**Exercise description**
Your answer should be each line of the entries that contains the word "Birthday", copied in full.

**Available data**

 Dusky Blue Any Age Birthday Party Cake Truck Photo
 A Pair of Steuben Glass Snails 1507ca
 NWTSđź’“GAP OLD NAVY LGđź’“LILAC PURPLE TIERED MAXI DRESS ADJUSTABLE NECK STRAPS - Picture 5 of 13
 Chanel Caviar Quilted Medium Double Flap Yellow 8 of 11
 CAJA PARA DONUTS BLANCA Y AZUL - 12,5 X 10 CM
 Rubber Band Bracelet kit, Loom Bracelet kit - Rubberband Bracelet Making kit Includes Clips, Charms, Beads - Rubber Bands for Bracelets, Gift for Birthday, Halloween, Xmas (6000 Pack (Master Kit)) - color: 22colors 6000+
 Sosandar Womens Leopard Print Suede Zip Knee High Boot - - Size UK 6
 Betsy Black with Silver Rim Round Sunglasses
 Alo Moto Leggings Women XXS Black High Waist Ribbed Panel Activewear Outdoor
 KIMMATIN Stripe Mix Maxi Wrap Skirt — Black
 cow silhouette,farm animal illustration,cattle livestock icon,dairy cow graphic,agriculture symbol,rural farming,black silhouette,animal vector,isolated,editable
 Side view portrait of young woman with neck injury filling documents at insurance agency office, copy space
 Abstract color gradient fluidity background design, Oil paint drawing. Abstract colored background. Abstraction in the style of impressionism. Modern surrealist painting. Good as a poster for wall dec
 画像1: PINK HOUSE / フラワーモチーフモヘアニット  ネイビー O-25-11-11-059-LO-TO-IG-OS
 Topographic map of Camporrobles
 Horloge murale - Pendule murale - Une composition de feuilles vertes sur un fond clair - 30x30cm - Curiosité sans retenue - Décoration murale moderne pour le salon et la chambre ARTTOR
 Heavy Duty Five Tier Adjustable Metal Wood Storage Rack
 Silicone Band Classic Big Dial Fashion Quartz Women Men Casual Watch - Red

**Result of the task**
 Dusky Blue Any Age Birthday Party Cake Truck Photo
 Rubber Band Bracelet kit, Loom Bracelet kit - Rubberband Bracelet Making kit Includes Clips, Charms, Beads - Rubber Bands for Bracelets, Gift for Birthday, Halloween, Xmas (6000 Pack (Master Kit)) - color: 22colors 6000+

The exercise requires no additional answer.